When you have created an AI experiment, as described in Creating models and experiments, you see its basic properties and the diagnosis steps.
This section describes how to work with an experiment, and explore its possible combinations of input parameters and algorithms so you can assemble the experiment that provides results that satisfy your use case statement.
When you have created an AI experiment, you see its basic properties (Name, Description and source Dataset). You need to perform four further steps to enable predictive analysis.
The steps are Predicted Feature, Feature Selection, Train model and Summary Prediction Model.
For the experiment shown above, input data was created in a Dataset called Diabetes Indian Women.
Records in this Dataset help determine if diabetes results will be positive for a given patient, based on the information held in the testresult attribute/variable, as shown in the column presented below:
The actual data was taken from the National Institute of Diabetes and Digestive and Kidney Diseases, and it includes attributes/variables such as:
•Number of times pregnant (shortened to pregnant).
•Plasma glucose concentration a 2 hours in an oral glucose tolerance test (shortened to plasma).
•Diastolic blood pressure in mm Hg (shortened to bpressure).
•Triceps skin fold thickness in mm (shortened to skinthickness).
•Two Hour serum insulin in mu U/ml (shortened to 2h_insulin).
•Body mass index (shortened to BMI) weight in kg/(height in m)^2.
•Diabetes pedigree function (shortened to diabetespf)
•Age in years (shortened to years)
Step 1: Predicted Feature
The Predicted Feature step lets you select the attribute you want to predict (which relates to your use case statement).
For the example described above, we want to predict (based on other variables) whether diabetes could be accurately suspected before running tests.
Select the name of the attribute to predict in the drop-down list.
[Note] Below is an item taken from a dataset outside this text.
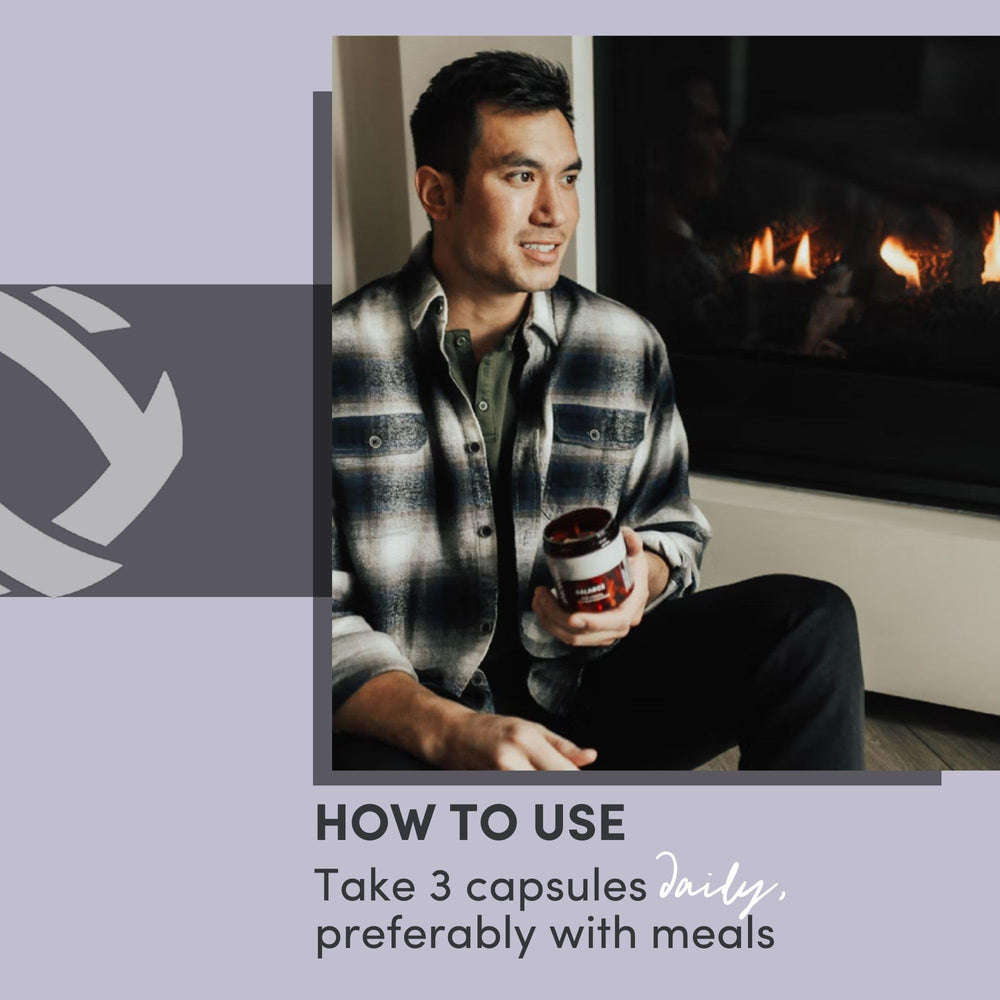 Adults taking Tranont Balance capsules for everyday wellness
Selecting testresult makes it become the predicted feature:
Click Continue when you are ready.
Step 2: Feature Selection
The Feature Selection step lets you mark attributes which you consider relevant and directly influencing for your predicted feature.
In the example described above, we want to identify which variables have a relationship with diabetes (for either a positive or negative diabetes result).
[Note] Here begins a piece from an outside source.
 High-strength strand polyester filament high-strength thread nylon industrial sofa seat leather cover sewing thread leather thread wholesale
The first time you select features, Bizagi Artificial Intelligence offers to automatically mark and highlight features identified as relevant.
You can also check or uncheck significant attributes to make them selected features (i.e predictors).
You can for example, uncheck the checkbox for age, if you think that age should not be taken into account by the analysis.
Though you can see sample data for each feature, at any time you can switch to Customize Features for an in-depth analysis or to modify how the application treats the values of the features.
Further options are available to help you make an informed decision on feature selection:
•Modify the data type per feature.
•Define how to replace empty values per feature.
•Look up a values distribution chart per feature.
Modifying the data type
In this step, you can edit the data type identified by Artificial Intelligence.
Available data types are: Numerical, Categorical, or Date.
Defining how to replace empty values
In this step, you can also decide if you want to replace empty values with a default value:
You can set empty values (those shown as null) to use Zero (0), the Average value of the whole, the Most frequently used value, or as defined by you (User defined).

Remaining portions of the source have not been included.